Our faculty members tackle a diverse set of problem-driven research questions with real-world impact, including:
- How do you design a spacecraft quickly and well?
- How do you manage a disaster response to help the greatest number of people?
This research theme asks how to design and operate many types of complex systems. Our faculty study systems as diverse as spacecraft, energy, transportation, and the disaster response enterprise. Designing these systems -- selecting their functions and structure -- involves a major commitment of resources and locks in choices for years to come, so it is crucial to get those initial decisions right. Operating these systems -- choosing how to run them from day to day or year to year -- can lead to surprising innovations or fine-tuning to achieve major performance improvements, increase resiliency, or achieve other system properties.
Where to set up Disaster Recovery Centers to best serve the affected population and minimize costs?
Maps of Chicago-area flooding (left), Colorado flooding (center), and Champaign-area tornadoes (right), showing affected counties (red disaster symbols), actual DRCs (blue pins), the DRCs placed by the jurisdiction model (orange squares), and the DRCs placed by the travel time model (green stars).
Disaster response is a challenging environment for data-driven decision support, because of its rarity, uniqueness, and high stakes.
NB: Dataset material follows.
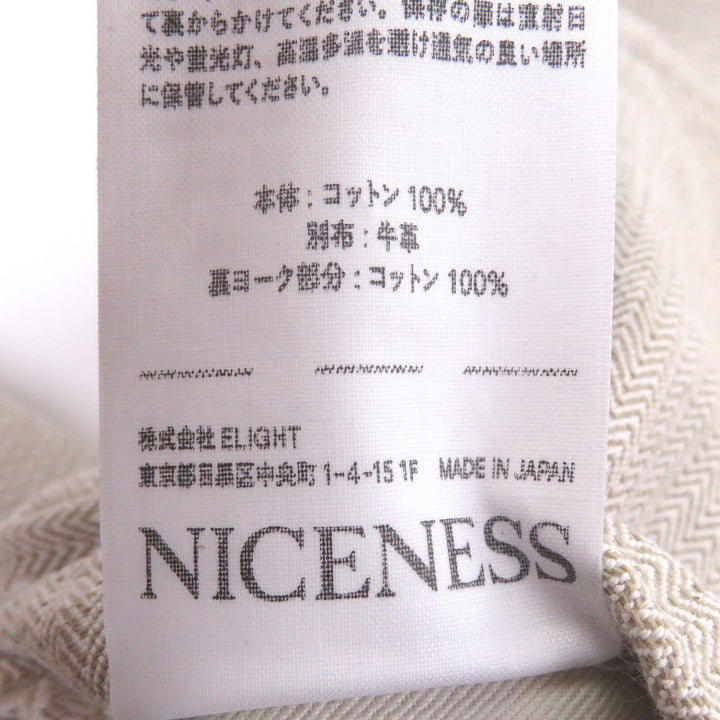 極美品□ナイスネス 25SS NN-0201B15 LORAN Herringbone Hunting Jacket ヘリンボーン レザー使い ハンティングジャケット M 日本製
A study conducted by Professor Erica Gralla and colleagues from MIT and FEMA: 1) develops and demonstrates practical decision support approaches for an important problem faced by the U.S. Federal Emergency Management Agency (FEMA), 2) identifies challenges and successes during their partial implementation, and 3) explores how such approaches can encourage the adoption of data-driven decision-making in crisis situations. Specifically, this article develops approaches for locating and staffing temporary Disaster Recovery Centers (DRCs), which provide in-person service to disaster-affected communities. Working with FEMA, Professor Gralla’s team developed two models that aim to improve service to survivors and minimize costs. One model fits easily into FEMA’s current decision-making process, while the other further improves service by challenging some extant assumptions. By testing the models using data from three past disasters, Professor Gralla’s team found that this decision support can result in cost savings of 75% on average by eliminating unnecessary DRCs and over-staffing and, at the same time, maintain or reduce the maximum travel time required for the disaster-affected population to access DRCs. Aspects of the models have already been used during disaster operations. FEMA’s experience highlights the potential for data- and model-driven analyses to improve resource allocation and demonstrates an approach to improve organizational decisions by developing models that either align with or challenge the decision-making culture. This work is published in Decision Sciences Journal and won the journal’s 2020 Best Paper Award.
Who in the “crowd” can solve my complex robotic design problem?
Freelancer.com landing page for the NASA Robotic Arm Challenge field experiment
Firms are increasingly using prize competitions—which involve broadcasting a problem to the “crowd” and awarding a pre-specified prize to the solver with the best solution—as a source of innovation. Yet, despite a history of famous success stories (e.g., the Netflix Prize) that hint at the enormous promise of the approach, there remains skepticism among engineering practitioners as to whether these “open” methods can be applied effectively to solve complex system design problems. At the heart of the issue is whether the “crowd”—and specifically the individual solvers therein—possess the capability to contribute high quality, feasible solutions, often enough, to make prizes a viable source of innovation. Additionally, managers lack guidance for when, and for what types of problems, those tools are most effective. Research and the associated field experiment, conducted by Professor Zoe Szajnfarber and a team of SzajnLab graduate students, add important evidence and insights to that discussion. In the past, prizes have typically been framed as a means to identify a single best solution, and systems engineers and managers have rightly been skeptical of whether the (assumed novice) crowd can contribute appropriate solutions to complex problems. By demonstrating that the crowd includes many contributors with within-discipline training, who can provide high-quality engineering analysis, the results open the door for another class of use: as a means to more quickly, cheaply, and completely explore the tradespace of solution alternatives. Rather than viewing prize competitions as one exotic tool in the toolkit, this paper provides a path to consider prizes as a flexible tool that can augment and or complement existing engineering design practices. An overview of these research results can be found in IEEE Transactions on Engineering Management. The students involved in this research included Lihui Zhang, Suparna Mukherjee, Jason Crusan, Anthony Hennig, and Ademir Vrolijk.